Cousins in Binary Tree - Tree - Easy - LeetCode

Cousins in Binary Tree - Tree - Easy - LeetCode

In a binary tree, the root node is at depth 0, and children of each depth k node are at depth k+1.

Two nodes of a binary tree are cousins if they have the same depth, but have different parents.

We are given the root of a binary tree with unique values, and the values x and y of two different nodes in the tree.
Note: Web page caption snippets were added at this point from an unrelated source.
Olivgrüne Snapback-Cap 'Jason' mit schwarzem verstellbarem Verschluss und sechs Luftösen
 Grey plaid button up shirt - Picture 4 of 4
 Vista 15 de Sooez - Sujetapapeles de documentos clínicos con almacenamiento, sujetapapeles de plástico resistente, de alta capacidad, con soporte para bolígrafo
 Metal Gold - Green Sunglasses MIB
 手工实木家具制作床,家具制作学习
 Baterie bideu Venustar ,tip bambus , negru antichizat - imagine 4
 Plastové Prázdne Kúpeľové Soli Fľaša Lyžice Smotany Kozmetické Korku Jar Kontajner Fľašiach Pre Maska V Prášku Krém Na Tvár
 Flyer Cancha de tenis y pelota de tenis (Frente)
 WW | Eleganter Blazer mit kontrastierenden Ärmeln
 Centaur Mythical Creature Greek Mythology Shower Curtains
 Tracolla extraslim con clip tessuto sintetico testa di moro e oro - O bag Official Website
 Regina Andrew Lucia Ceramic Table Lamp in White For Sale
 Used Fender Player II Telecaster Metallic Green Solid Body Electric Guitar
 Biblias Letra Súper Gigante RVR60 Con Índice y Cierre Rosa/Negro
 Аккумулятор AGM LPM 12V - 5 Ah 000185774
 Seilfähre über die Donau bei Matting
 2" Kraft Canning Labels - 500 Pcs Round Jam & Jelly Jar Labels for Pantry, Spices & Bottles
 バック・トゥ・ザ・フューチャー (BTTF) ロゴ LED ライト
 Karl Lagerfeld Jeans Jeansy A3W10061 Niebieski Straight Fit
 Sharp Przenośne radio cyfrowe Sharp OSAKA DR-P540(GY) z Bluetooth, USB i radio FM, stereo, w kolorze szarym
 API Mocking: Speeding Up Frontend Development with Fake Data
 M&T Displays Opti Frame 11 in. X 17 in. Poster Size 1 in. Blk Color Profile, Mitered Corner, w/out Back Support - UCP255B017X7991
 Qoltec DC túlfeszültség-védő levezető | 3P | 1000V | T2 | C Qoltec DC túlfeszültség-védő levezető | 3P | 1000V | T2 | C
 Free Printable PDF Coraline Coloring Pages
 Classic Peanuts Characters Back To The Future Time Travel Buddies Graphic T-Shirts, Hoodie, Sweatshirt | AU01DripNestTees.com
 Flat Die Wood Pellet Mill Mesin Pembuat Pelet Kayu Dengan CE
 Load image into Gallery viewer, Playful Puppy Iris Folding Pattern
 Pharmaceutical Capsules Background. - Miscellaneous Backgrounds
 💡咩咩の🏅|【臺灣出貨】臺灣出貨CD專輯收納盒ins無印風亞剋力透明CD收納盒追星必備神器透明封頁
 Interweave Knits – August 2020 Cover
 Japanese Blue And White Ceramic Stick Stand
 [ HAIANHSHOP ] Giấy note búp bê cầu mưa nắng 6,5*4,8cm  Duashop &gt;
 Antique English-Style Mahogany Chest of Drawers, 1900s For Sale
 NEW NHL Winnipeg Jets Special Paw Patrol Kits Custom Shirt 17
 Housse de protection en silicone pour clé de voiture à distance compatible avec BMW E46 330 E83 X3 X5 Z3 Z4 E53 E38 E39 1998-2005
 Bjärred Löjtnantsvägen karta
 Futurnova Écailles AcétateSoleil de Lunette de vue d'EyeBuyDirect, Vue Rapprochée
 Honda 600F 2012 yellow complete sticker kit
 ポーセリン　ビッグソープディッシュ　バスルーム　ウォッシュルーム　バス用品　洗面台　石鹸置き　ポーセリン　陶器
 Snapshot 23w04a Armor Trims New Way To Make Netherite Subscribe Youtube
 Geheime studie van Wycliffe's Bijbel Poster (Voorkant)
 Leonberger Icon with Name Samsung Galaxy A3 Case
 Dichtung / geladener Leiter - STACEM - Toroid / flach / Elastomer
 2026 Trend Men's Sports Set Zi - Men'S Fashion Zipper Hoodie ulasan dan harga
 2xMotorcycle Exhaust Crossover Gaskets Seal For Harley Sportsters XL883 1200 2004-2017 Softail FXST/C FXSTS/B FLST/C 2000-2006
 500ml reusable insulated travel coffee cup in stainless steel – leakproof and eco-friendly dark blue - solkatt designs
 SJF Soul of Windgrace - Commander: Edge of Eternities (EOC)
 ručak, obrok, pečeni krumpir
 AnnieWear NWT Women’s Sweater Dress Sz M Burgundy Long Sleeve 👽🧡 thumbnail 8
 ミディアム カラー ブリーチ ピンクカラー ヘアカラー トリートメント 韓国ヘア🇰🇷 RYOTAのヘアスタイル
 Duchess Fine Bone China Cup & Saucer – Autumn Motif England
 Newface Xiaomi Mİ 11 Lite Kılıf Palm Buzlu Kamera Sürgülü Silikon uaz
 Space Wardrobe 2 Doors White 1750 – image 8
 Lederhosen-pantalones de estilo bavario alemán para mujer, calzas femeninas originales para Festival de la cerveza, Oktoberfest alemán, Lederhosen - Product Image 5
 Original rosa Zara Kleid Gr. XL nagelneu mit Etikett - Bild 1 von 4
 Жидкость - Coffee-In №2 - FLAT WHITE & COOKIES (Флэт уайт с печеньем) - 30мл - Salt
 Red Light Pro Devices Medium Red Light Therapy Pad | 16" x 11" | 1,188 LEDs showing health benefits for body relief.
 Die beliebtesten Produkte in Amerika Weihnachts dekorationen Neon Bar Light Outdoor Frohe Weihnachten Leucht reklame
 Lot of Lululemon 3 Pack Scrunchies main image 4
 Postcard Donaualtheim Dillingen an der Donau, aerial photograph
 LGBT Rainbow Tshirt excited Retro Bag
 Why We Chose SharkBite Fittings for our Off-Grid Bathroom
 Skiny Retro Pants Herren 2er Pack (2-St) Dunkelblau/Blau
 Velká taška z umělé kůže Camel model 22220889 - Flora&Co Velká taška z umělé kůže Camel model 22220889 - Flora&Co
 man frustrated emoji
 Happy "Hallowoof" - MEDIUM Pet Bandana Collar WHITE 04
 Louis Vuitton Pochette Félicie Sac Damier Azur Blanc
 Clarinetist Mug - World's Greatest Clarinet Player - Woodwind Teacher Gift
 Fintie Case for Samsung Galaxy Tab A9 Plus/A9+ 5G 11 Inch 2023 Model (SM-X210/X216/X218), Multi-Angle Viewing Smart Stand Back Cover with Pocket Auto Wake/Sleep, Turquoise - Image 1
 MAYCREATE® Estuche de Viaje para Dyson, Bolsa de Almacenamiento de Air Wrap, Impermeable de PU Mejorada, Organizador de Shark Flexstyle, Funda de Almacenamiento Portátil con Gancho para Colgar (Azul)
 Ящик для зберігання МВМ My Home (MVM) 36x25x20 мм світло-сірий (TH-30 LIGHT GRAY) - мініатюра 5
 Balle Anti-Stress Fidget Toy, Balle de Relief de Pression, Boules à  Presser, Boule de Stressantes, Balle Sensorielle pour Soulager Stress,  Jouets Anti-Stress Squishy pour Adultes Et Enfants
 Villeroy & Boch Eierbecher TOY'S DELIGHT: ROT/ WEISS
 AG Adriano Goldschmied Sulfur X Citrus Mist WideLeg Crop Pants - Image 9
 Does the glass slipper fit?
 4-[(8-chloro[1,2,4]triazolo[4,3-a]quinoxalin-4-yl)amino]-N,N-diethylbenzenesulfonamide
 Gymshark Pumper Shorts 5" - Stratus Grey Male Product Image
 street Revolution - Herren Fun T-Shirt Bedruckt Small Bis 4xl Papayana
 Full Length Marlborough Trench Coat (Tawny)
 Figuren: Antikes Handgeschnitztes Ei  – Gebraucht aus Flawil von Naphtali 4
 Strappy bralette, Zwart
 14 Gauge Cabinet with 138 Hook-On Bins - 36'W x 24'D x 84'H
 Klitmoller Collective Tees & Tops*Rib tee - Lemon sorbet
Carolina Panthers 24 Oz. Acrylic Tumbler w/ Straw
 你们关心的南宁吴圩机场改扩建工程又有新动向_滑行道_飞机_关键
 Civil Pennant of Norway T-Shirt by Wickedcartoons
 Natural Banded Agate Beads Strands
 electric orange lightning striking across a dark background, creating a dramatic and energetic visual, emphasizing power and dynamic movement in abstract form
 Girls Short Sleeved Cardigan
Return true if and only if the nodes corresponding to the values x and y are cousins.

 

Example 1:


Input: root = [1,2,3,4], x = 4, y = 3
Output: false
Example 2:


Input: root = [1,2,3,null,4,null,5], x = 5, y = 4
Output: true
Example 3:

 

Input: root = [1,2,3,null,4], x = 2, y = 3
Output: false
 

Constraints:

The number of nodes in the tree will be between 2 and 100.
Each node has a unique integer value from 1 to 100.

/**
 * Definition for a binary tree node.
 * public class TreeNode {
 *     public int val;
 *     public TreeNode left;
 *     public TreeNode right;
 *     public TreeNode(int val=0, TreeNode left=null, TreeNode right=null) {
 *         this.val = val;
 *         this.left = left;
 *         this.right = right;
 *     }
 * }
 */
public class Solution {
    public bool IsCousins(TreeNode root, int x, int y) {
        if(root == null){
            return false;
        }
        
        var queue = new Queue<TreeNode>();
        queue.Enqueue(root);
        while(queue.Count()>0){
            int count = queue.Count();
            bool foundx = false;
            bool foundy = false;
            while(count-->0){
                var node = queue.Dequeue();
                if(node.val==x){
                    foundx=true;
                }
                if(node.val==y){
                    foundy=true;
                }         
                
                if(node.left != null && node.right != null){
                    if(node.left.val ==x && node.right.val == y){
                        return false;
                    }
                    if(node.right.val==x && node.left.val==y){
                        return false;
                    }
                }
                
                if(node.left != null){
                    queue.Enqueue(node.left);
                }
                if(node.right != null){
                    queue.Enqueue(node.right);
                }
                            
            }
            if(foundx && foundy)
            {
                return true;
            }
        }
        
        return false;
    }
}

Time Complexity: O(n)

Space Complexity: O(height)